1-9 散歩中、「とてつもない大事件」(キラリン談)に遭遇w

「ふう……。冬の空気は澄んでいて気持ちいいわね」


 ぞろぞろと朝食後の散歩に出ると、ようやく吉野さんの緊張も解けたようだ。俺の隣で、普段通りの笑顔を見せてくれた。

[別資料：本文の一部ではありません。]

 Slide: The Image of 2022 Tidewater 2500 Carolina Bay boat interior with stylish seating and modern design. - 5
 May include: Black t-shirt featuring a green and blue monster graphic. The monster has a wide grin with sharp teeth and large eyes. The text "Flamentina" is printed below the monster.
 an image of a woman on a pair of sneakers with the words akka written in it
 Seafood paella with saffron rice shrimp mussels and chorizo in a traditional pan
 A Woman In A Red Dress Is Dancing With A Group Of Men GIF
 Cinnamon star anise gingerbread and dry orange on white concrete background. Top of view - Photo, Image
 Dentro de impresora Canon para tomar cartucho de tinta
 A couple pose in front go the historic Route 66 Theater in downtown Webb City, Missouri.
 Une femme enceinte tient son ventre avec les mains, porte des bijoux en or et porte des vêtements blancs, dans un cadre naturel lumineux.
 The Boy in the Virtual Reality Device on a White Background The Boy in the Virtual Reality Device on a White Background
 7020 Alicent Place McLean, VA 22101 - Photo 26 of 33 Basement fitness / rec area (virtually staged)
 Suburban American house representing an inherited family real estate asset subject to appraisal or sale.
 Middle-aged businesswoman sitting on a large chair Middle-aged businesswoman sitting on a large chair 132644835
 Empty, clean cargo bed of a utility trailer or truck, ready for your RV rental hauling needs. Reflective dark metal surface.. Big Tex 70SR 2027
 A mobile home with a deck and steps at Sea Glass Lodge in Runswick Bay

もちろん全員、人間化けをしている。


「そうですね。吉野さん」


 なにかこう、ピンと一本、筋が入ったような凛々しさなんだよな。冬の朝の空気って。濁った都内でもそう感じるんだから、こんな森の中の温泉なら、なおのことだ。


「おいしい空気」


 手を横に広げ、くるくる回っている。宿から温泉街を抜け、山頂の神社へと向かう道。周囲は見事な雪景色だが、道路だけは朝イチで除雪されたらしく、歩くのに不便はない。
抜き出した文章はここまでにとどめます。